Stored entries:
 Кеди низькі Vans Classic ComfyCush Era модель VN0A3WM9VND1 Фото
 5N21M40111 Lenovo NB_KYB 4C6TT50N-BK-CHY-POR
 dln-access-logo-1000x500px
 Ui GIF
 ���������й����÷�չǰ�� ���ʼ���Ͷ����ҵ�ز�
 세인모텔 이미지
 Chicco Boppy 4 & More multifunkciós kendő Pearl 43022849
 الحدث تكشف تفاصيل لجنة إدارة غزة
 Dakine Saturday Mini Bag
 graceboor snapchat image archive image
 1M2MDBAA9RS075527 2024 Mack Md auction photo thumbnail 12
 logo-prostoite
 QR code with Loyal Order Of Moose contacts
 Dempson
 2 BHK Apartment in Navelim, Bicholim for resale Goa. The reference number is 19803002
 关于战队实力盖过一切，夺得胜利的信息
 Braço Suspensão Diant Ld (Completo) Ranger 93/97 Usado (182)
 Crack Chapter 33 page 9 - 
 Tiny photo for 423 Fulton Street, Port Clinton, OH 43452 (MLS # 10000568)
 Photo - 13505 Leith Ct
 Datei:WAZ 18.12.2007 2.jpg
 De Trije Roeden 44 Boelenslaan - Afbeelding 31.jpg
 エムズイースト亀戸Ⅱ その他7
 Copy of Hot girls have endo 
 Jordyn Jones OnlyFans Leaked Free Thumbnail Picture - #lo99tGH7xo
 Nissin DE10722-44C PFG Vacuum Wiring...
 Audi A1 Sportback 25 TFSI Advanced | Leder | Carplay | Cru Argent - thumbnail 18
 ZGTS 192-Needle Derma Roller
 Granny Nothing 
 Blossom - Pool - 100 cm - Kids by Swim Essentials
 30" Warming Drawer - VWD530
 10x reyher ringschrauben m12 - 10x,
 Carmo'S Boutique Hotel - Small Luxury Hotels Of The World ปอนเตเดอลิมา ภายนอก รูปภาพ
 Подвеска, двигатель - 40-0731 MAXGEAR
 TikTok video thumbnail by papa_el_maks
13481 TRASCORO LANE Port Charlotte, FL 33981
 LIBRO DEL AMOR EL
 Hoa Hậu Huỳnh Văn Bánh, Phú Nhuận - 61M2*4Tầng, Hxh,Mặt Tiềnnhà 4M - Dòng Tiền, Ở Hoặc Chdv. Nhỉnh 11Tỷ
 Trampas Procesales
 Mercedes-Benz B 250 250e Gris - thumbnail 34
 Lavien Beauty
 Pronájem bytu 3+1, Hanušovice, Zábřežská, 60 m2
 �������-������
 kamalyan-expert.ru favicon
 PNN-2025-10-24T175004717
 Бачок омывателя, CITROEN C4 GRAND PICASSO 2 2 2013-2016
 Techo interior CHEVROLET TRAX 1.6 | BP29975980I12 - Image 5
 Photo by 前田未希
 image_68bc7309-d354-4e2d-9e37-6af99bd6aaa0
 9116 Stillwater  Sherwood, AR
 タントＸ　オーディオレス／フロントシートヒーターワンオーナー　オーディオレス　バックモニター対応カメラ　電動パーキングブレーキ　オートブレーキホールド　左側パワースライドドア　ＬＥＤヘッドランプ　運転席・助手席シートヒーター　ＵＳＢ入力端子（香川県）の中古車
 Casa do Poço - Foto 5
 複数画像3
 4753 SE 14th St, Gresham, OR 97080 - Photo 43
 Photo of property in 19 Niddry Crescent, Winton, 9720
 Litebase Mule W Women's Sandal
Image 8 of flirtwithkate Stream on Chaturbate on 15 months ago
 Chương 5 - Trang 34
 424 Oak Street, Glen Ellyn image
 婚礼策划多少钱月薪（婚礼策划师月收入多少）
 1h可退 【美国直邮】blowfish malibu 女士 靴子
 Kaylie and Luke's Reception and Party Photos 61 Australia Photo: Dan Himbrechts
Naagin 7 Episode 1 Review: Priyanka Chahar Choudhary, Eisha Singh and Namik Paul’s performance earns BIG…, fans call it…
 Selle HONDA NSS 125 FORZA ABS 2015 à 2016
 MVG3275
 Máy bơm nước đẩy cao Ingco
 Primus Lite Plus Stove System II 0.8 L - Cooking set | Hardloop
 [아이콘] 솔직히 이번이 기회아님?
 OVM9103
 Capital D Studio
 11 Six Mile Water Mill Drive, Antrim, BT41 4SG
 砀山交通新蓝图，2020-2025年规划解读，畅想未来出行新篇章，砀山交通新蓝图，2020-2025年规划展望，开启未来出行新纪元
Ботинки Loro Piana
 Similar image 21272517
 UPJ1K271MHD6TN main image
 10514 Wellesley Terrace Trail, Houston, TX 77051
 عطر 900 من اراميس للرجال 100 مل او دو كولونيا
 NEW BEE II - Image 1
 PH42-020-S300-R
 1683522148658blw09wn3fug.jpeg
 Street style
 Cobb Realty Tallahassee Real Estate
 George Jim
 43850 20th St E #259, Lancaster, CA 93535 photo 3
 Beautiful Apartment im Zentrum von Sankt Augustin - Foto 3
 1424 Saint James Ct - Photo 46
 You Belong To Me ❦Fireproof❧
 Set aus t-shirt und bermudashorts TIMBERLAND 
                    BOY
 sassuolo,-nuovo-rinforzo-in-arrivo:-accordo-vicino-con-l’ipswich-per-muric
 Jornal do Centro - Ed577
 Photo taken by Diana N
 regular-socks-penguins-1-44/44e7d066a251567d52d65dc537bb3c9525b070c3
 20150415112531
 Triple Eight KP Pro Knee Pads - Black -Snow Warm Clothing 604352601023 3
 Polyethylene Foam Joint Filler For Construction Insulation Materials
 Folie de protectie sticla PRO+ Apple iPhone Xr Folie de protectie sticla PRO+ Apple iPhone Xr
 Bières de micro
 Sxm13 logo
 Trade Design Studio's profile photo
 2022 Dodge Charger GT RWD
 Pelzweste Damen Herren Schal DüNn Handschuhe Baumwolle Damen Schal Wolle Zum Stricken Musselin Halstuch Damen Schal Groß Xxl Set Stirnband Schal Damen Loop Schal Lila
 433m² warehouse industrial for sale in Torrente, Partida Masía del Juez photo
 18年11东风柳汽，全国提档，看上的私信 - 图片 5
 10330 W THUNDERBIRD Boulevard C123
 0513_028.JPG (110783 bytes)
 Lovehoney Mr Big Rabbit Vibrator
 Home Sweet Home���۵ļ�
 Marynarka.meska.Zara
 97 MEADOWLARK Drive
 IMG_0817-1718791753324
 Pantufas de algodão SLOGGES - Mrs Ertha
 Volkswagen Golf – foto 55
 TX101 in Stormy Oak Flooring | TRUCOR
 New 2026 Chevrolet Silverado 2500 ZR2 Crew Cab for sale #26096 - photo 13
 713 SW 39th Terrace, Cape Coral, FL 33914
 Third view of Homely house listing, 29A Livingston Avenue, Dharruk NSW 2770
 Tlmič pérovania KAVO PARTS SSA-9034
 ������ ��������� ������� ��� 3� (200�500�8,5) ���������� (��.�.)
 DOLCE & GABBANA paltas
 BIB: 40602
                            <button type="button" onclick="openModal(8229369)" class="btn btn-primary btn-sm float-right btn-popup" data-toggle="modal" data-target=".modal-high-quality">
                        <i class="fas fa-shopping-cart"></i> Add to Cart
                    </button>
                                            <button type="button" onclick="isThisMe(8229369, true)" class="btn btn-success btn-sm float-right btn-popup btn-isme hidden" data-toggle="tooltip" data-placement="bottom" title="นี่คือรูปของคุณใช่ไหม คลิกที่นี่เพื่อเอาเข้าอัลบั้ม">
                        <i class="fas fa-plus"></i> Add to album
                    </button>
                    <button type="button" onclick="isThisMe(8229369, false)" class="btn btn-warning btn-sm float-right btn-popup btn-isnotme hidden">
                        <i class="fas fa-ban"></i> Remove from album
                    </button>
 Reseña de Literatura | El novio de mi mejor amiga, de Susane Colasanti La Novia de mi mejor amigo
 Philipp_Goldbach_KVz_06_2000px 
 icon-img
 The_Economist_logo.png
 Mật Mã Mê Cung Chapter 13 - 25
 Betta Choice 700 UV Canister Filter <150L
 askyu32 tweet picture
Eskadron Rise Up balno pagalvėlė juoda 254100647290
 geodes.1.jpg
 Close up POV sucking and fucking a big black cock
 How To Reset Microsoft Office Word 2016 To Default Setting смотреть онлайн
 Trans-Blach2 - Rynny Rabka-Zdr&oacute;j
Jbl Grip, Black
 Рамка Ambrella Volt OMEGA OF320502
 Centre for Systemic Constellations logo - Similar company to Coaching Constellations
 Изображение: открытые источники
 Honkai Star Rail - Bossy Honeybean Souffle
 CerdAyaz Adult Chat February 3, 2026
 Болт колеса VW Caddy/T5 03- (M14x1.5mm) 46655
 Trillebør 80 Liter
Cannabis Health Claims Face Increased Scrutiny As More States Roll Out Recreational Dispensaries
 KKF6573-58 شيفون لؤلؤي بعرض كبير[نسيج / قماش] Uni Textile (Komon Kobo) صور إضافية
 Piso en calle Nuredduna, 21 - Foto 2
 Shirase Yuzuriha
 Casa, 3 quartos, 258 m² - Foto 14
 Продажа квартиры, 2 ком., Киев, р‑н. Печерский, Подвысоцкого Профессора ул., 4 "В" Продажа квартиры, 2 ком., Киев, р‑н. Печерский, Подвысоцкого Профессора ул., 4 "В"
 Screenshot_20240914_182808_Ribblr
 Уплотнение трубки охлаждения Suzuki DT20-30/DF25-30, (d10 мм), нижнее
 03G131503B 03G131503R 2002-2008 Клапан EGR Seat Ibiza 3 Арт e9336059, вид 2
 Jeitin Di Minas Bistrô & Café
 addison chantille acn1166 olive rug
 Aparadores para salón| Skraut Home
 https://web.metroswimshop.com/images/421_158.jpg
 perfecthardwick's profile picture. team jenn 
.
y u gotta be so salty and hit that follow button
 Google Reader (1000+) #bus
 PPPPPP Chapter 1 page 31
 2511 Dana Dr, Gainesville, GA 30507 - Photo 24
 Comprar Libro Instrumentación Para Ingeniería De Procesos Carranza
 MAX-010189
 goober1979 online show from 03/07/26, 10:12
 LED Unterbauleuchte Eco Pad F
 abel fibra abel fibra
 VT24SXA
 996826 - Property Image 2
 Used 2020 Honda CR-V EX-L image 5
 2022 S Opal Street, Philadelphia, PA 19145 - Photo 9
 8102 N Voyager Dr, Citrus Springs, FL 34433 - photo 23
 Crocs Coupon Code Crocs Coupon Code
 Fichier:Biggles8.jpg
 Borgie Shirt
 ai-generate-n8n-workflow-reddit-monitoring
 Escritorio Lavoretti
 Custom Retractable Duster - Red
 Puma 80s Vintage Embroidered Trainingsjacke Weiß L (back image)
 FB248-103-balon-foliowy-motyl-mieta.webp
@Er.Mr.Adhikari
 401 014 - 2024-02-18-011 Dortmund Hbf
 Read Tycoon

■ Your instructions
All lines above between those holding "btn-warning btn-sm float-right" and "Casa, 3 quartos, 258 m² - Foto 14", inclusive, must be set down unchanged, and no other line may be included.

■ Expected answer
                    <button type="button" onclick="isThisMe(8229369, false)" class="btn btn-warning btn-sm float-right btn-popup btn-isnotme hidden">
                        <i class="fas fa-ban"></i> Remove from album
                    </button>
 Reseña de Literatura | El novio de mi mejor amiga, de Susane Colasanti La Novia de mi mejor amigo
 Philipp_Goldbach_KVz_06_2000px 
 icon-img
 The_Economist_logo.png
 Mật Mã Mê Cung Chapter 13 - 25
 Betta Choice 700 UV Canister Filter <150L
 askyu32 tweet picture
Eskadron Rise Up balno pagalvėlė juoda 254100647290
 geodes.1.jpg
 Close up POV sucking and fucking a big black cock
 How To Reset Microsoft Office Word 2016 To Default Setting смотреть онлайн
 Trans-Blach2 - Rynny Rabka-Zdr&oacute;j
Jbl Grip, Black
 Рамка Ambrella Volt OMEGA OF320502
 Centre for Systemic Constellations logo - Similar company to Coaching Constellations
 Изображение: открытые источники
 Honkai Star Rail - Bossy Honeybean Souffle
 CerdAyaz Adult Chat February 3, 2026
 Болт колеса VW Caddy/T5 03- (M14x1.5mm) 46655
 Trillebør 80 Liter
Cannabis Health Claims Face Increased Scrutiny As More States Roll Out Recreational Dispensaries
 KKF6573-58 شيفون لؤلؤي بعرض كبير[نسيج / قماش] Uni Textile (Komon Kobo) صور إضافية
 Piso en calle Nuredduna, 21 - Foto 2
 Shirase Yuzuriha
 Casa, 3 quartos, 258 m² - Foto 14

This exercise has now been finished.